Quartz countertops can experience UV damage
Although quartz is not going to stain due to normal amounts of exposure to direct sunlight, it is still not a good idea to place a quartz countertop outside, or in an area that sees direct sunlight for extended periods of the day. Prolonged exposure can cause your quartz to begin to discolor. This is especially obvious in darker-colored quartz.
If you have the redesigning opportunity and you really like the look of quartz counters, try to place them out of direct sunlight. Of course, they are going to be exposed to direct UV rays to some extent, but do your best to minimize this. If you can’t control the location of your countertops that are in heavy sunlight, perhaps you should reconsider whether quartz is the right choice for you.
Quartz countertops can still experience regular stains
Despite their sleek exterior, quartz countertops are still completely vulnerable to stains from everyday food and drink items. Red wine, coffee, and fruit juice are all going to stain your countertop if left to sit for too long. Granted, you do have a much larger chance of being able to clean up the mess completely, compared to other counter materials. But this doesn’t mean you can leave it alone without repercussions.
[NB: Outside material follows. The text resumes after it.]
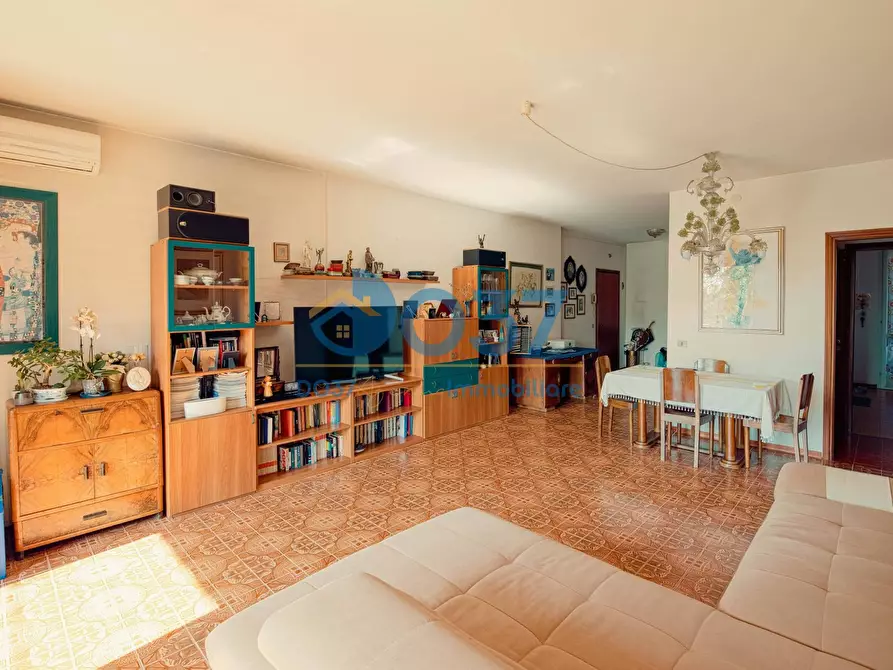 Immagine 1 di Appartamento in vendita  in correggio a Correggio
If you are cleaning up the spill as soon as it has happened, you only need a damp cloth or towel. This should be enough to wipe it up and leave no trace. If perhaps you didn’t do a proper cleaning job initially and you are now left with a slightly tougher mark, use a cloth, some warm water, and mild soap. The strength of the quartz means that you can generally work the countertop pretty hard without worrying about causing damage. If soapy water is not enough to get the stain out, then do not attempt to use harsher chemicals. There’s a high risk that these could stain the countertop even further.
If you do stain your quartz countertop, call a professional
If you have accidentally stained your countertop and basic cleaning methods aren’t working, it is highly recommended that you seek a professional for help. They have a greater understanding of the properties of quartz and will be able to use the right products to get it looking brand new again.
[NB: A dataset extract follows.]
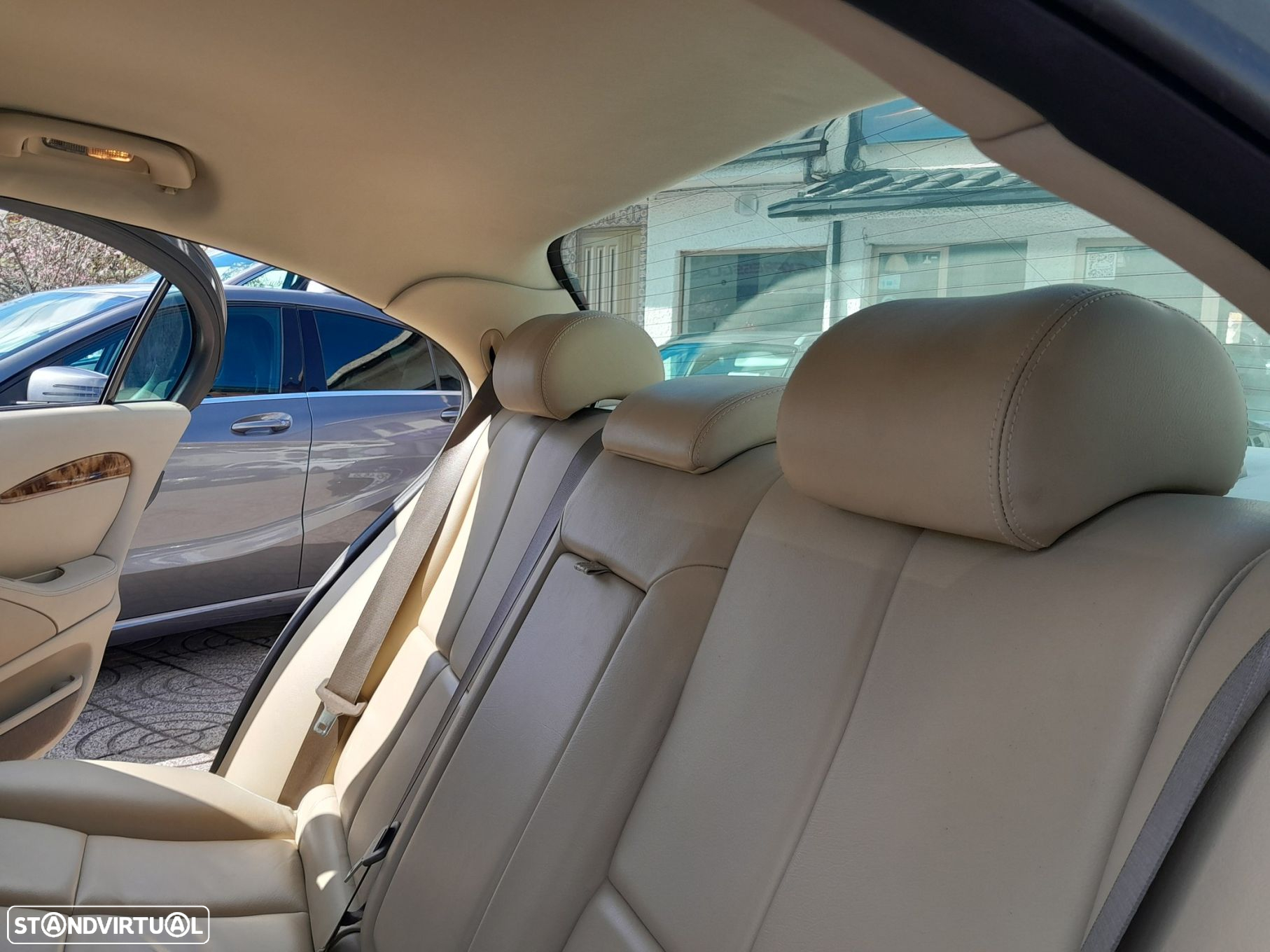 Jaguar S-Type 2.7 D V6 Executive Auto. - 19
Some stains or damage is going to be permanent, and there will be nothing they can do to alleviate the discoloration. In cases like these, it is still important to utilize their services, as they can help to prevent the issue from getting worse.
Only properly maintained quartz countertops are stain-resistant
One of the benefits of quartz countertops is that they require very little heavy-duty maintenance. The quartz material is sealed as part of the fabrication process, so there is no need to continuously stay on top of that. But it is never a bad idea to reseal the quartz to reduce the chances of staining.
One of the most important things that you can do to help keep your quartz countertop stain-free, is to properly maintain it. This involves regularly cleaning it thoroughly so that potential stains don’t get the opportunity to cause damage. Remember to never use harsh chemicals, and you should be able to wipe away any dirt and impurities easily.
If you are still concerned about your counters, you can purchase cleaning agents that are specifically designed to clean quartz without damaging it. These can be found online, or through specialists in your area with a comprehensive knowledge of quartz.